- Consensus secondary structure of Downstream-peptide RNAs

Identifiers
- Symbol: Downstream-peptide
- Rfam: RF01704

Other data
- RNA type: Cis-regulatory element
- Domain(s): Prochlorococcus and Synechococcus
- PDB structures: PDBe

= Downstream-peptide motif =

The Downstream-peptide motif refers to a conserved RNA structure identified by bioinformatics in the cyanobacterial genera Synechococcus and Prochlorococcus and one phage that infects such bacteria. It was also detected in marine samples of DNA from uncultivated bacteria, which are presumably other species of cyanobacteria.

Downstream-peptide RNAs are found upstream of short open reading frames (ORFs) that are predicted to encode short peptides (usually between 17 and 100 amino acids). One of the ORFs is apparently down-regulated when cells are grown with an insufficient supply of nitrogen sources.
The Downstream-peptide motif has a structural resemblance to a different candidate RNA structure called the glnA RNA motif which was shown to be a functional glutamine binding riboswitch in cyanobacteria. The most striking similarity is the nucleotide conservation within the P1 stem of both motifs, and this and other similarities was discussed previously.

It was hypothesized that Downstream-peptide RNAs correspond to riboswitches, based on multiple lines of evidence. First, glnA RNAs are often located in the presumed 5′ untranslated regions of multiple classes of genes involved in nitrogen metabolism. This, and other evidence, suggests that glnA RNAs are riboswitches, and their structural similarity to Downstream-peptide RNAs in turn suggests that Downstream-peptide RNAs are also riboswitches. Second, Downstream-peptides are consistently positioned in a place that is consistent with a cis-regulatory role in regulating the downstream ORFs, although the biological role of the ORFs is unknown. Third, the pseudoknot structure has a moderate complexity that is typical of riboswitches. Finally, the observation of regulation of a downstream ORF by nitrogen availability also suggests a cis-regulatory role of the element.

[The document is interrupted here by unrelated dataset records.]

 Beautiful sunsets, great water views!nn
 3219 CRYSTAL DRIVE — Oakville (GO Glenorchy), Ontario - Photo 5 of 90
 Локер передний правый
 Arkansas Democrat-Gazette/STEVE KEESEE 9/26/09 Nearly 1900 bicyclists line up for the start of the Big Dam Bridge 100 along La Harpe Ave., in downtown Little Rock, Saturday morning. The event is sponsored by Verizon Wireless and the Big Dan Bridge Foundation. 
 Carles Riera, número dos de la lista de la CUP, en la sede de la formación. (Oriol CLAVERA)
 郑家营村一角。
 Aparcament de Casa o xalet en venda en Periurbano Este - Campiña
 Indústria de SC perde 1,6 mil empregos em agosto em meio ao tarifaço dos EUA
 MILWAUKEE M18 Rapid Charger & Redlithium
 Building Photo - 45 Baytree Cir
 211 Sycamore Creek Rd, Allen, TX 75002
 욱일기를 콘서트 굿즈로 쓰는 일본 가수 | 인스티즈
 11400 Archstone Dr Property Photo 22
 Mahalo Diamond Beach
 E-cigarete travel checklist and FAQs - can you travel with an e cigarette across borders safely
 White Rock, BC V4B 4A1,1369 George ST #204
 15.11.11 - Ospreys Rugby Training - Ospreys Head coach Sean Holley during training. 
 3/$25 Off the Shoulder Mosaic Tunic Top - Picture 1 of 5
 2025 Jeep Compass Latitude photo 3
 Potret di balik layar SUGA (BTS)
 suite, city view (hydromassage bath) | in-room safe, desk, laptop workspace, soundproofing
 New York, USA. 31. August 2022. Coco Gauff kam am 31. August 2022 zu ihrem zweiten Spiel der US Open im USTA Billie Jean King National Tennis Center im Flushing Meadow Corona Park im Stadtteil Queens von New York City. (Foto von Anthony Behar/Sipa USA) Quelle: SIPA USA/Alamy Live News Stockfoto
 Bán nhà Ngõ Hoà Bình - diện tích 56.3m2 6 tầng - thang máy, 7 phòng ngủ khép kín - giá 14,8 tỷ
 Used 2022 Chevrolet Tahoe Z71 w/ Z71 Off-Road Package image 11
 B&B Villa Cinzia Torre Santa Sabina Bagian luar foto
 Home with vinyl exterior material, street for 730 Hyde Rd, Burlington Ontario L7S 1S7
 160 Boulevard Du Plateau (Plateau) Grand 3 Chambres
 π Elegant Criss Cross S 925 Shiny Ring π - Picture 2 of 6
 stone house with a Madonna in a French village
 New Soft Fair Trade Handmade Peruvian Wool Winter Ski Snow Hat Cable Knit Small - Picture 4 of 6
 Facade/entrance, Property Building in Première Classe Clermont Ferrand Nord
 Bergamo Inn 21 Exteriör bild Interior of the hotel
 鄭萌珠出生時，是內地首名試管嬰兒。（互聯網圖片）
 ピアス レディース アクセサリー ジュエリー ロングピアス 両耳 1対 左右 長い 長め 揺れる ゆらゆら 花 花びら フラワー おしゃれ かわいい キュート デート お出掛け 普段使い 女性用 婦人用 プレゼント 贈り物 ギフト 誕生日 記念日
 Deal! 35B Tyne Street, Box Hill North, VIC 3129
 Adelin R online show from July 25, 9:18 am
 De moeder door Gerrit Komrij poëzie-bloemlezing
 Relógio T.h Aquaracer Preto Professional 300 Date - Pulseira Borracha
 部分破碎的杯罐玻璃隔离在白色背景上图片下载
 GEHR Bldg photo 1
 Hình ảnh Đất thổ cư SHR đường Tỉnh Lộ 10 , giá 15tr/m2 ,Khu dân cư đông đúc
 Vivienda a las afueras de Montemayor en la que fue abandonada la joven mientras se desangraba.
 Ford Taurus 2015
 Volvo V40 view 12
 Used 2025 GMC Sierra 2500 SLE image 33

This hypothesis is supported by biochemical and genetic data. First, both Downstream-peptide RNAs and glnA RNAs selectively bind glutamine.
Second, reporter gene analysis of the Downstream-peptide motif revealed that this RNA promotes reporter gene expression upon binding of glutamine and can therefore be considered an activating riboswitch. Possible candidates to be regulated by the Downstream-peptide motif are genes that frequently carry the Downstream-peptide motif in their 5′UTR and encode small, unknown proteins that contain DUF4278 and are putative regulators of glutamine synthetase. This hypothesis is supported by the finding that expression of the DUF4278-containing glutamine synthetase inhibitory factor IF17 encoding gene gifB was shown to be regulated by the structurally related glnA RNA motif.

Downstream-peptide RNAs overlap a predicted non-coding RNA called yfr6 that is over 200 nucleotides in length, but it was proposed that only the upstream region (corresponding to the Downstream-peptide motif) functions as an RNA structure. A distinct predicted non-coding RNA called yfr14 overlaps both yfr6 and Downstream-peptide RNAs. However, it is unclear whether yfr6 or yfr14 have any function beyond the now-established role of the Downstream-peptide riboswitch.